Parallelizing Linux Writeback
The Linux kernel’s I/O subsystem has evolved steadily to keep pace with modern storage hardware, with most layers gradually enhanced to exploit parallelism.
Yet one critical piece still remains single-threaded: i.e. the writeback mechanism that flushes dirty pages from page cache to storage. A new patch series from Samsung engineers aims to lift this long-standing bottleneck.
pdflush to per-bdi writeback
Design of writeback mechanism evolved from global pdflush threads in early 2.6 kernels to per-BDI (backing device info) writeback threads. This per-bdi model eliminated problems like contention and request starvation but was designed for an era when storage devices were still largely spinning hard drives or SSDs but mainly with single HW queue. A single writeback thread per backing device made sense back then.
While the per-BDI approach improved upon the global pdflush model, performance limitations remained as storage hardware continued to evolve. Recent developments in memory management have begun addressing some of these bottlenecks. E.g. large folios in filesystems have significantly improved writeback efficiency by allowing writeback thread to process more data per operation.
Example showing writeback processing for a page v/s folio:
This transformation reduces CPU overhead and enables larger I/O operations that better match modern storage capabilities. All filesystems are now planning to enable use of large folios in their buffered-io path to gain from this benefit.
However, large folios only addresses the efficiency of sequential processing within a single thread. They do nothing to address the fundamental serialization bottleneck of having a single writeback thread per block device, which becomes increasingly problematic as storage devices gain parallel processing capabilities.
The Parallel I/O Stack
The Linux I/O stack has been steadily modernized to exploit parallelism at every layer. Multiple applications can issue write requests to different inodes simultaneously without lock contention, thanks to the virtual file system. Local filesystems such as ext4 and XFS divide their on-disk layout into different allocation groups thus enabling parallel block allocations and metadata operations.

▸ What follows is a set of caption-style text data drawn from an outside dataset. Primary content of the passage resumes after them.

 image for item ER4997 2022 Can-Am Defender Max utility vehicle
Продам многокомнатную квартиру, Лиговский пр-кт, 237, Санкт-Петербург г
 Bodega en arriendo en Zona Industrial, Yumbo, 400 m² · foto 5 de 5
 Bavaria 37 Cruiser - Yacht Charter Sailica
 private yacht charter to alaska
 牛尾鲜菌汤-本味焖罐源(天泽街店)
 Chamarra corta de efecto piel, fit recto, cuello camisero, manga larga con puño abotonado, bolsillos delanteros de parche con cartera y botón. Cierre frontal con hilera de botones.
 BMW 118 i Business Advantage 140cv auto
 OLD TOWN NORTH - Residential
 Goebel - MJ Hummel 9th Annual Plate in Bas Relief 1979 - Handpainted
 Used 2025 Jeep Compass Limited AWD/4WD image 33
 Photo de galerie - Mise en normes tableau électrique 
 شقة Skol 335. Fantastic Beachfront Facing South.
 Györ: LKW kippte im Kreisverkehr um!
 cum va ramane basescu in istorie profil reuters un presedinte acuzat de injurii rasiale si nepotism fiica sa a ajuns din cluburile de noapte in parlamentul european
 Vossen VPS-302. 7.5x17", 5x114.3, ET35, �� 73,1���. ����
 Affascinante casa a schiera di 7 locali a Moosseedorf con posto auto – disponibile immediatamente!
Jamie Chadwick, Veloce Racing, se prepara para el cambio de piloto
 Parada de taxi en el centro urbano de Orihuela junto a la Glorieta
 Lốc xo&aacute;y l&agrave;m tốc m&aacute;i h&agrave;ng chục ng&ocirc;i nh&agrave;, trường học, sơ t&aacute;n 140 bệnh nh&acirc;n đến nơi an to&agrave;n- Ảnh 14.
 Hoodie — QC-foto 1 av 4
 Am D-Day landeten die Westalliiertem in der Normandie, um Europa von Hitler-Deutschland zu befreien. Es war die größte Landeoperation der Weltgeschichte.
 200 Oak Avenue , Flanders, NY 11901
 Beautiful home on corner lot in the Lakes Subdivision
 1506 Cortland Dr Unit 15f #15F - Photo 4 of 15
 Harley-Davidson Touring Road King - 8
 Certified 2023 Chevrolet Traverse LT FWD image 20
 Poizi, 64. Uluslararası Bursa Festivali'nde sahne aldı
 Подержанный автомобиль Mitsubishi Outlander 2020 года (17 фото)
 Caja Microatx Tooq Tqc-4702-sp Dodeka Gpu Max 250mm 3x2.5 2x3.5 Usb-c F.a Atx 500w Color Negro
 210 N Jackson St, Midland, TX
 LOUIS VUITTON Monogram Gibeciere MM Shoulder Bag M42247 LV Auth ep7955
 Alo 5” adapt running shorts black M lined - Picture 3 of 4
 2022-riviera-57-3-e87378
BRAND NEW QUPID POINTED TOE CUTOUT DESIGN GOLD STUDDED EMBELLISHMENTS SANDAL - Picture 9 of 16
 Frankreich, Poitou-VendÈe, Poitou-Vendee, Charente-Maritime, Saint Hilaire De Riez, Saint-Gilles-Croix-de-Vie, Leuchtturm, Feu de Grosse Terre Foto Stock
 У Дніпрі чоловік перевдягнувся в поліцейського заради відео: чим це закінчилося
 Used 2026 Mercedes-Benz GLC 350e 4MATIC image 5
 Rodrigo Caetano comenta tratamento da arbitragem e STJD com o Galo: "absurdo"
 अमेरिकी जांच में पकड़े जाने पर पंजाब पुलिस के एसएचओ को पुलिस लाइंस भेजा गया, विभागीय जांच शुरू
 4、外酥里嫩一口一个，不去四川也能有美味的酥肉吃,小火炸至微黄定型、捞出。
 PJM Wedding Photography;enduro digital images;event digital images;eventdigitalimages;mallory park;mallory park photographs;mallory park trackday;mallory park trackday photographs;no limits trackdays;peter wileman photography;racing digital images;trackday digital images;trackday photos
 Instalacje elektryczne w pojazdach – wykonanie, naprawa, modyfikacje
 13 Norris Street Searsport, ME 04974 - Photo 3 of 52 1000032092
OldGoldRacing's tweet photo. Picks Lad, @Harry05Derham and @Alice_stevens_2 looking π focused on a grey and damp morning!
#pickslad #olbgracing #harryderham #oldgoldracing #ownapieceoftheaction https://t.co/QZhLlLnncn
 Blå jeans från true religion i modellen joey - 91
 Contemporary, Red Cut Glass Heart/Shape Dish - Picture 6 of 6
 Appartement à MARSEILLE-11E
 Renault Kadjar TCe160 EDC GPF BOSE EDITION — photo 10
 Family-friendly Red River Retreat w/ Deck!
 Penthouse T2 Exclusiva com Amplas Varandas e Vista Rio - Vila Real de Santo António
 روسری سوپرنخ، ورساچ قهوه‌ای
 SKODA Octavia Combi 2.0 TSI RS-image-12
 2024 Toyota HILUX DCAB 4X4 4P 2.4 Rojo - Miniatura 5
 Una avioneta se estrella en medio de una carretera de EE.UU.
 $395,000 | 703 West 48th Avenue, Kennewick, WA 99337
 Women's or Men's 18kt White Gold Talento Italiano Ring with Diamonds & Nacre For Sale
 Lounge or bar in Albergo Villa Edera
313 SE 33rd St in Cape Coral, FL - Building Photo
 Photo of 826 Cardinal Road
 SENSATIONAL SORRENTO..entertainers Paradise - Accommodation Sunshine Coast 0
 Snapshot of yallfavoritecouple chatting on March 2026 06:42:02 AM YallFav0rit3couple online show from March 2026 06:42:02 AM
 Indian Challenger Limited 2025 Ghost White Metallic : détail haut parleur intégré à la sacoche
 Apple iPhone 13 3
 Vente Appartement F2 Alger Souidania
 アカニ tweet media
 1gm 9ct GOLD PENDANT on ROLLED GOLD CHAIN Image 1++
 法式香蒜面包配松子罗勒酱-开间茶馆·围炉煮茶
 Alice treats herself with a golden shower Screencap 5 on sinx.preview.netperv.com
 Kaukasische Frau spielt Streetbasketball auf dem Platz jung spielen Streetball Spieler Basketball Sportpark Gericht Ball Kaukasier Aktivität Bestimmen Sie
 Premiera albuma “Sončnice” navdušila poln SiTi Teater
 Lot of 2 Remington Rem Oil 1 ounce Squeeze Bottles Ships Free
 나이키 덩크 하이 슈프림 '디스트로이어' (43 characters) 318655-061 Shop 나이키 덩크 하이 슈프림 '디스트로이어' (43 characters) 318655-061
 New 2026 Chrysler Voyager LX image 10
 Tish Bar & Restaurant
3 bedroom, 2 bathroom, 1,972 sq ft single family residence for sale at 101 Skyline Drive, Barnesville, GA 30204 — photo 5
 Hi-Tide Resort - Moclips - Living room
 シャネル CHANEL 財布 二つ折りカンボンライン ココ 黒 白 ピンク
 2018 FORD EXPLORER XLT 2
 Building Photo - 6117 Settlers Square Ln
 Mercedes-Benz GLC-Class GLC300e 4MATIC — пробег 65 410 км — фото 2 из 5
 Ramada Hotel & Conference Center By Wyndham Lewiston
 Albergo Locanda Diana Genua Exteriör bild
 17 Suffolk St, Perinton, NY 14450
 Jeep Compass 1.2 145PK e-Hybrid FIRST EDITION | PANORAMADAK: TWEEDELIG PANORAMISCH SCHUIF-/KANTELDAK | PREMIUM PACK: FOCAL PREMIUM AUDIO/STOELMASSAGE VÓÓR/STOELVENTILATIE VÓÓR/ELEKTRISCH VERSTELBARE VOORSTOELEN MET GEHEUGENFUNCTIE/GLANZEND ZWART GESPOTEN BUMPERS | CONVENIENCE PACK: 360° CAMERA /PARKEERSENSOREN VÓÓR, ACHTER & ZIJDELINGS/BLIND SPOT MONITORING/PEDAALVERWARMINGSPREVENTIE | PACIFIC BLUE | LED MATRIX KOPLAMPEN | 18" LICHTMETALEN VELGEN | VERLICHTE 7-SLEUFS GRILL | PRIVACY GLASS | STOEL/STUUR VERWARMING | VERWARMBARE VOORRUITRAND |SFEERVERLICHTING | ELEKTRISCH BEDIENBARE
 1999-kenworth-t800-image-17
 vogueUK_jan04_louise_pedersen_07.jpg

Nearly a decade ago, block layer adopted the multi-queue design with per-CPU submission queues and parallel hardware dispatch queues based on the underlying disk device capabilities. As a result I/O requests can flow concurrently from applications through VFS, filesystem and block layer all the way to the storage drives.
However one notable exception remains: the writeback path still drains dirty pages with a single thread per backing device. Because modern NVMe drives can handle millions of I/O operations per second, optimizing writeback has become the next priority for kernel engineers to fully exploit NVMe throughput for buffered I/O.
Parallelizing Writeback
Now in order to just parallelize writeback, the first thought that would come to anyone’s mind is to add per-CPU parallelism to the per-BDI writeback flusher and then evenly distribute, the amount of work (number of dirty pages) across these per-CPU per-BDI threads.
However there is a subtle problem with this approach. It could cause severe filesystem fragmentation, since dirty pages belonging to the same inode might get written concurrently by multiple per-CPU, per-BDI flushers, thereby negating the purpose of the delayed-allocation techniques that filesystems employ to improve performance and reduce fragmentation. Delayed allocation lets the filesystem wait to allocate blocks until writeback time. At that point contiguous in memory dirty pages can be coalesced into finding a larger on disk extent. This approach avoids allocating individual blocks at the time when write requests are submitted which otherwise can lead to filesystem fragmentation.
So instead what this patch series does is, it creates nr_wb_ctx
parallel writeback contexts instead of a single bdi_writeback
and affine the inode to only a given writeback context: ensuring that all writeback operations for a specific inode are handled by the same writeback context. Each inode is assigned to a context using inode->i_ino % bdi->nr_wb_ctx
logic.
This can preserves delayed allocation effectiveness while distributing different inodes across parallel per-BDI writeback contexts.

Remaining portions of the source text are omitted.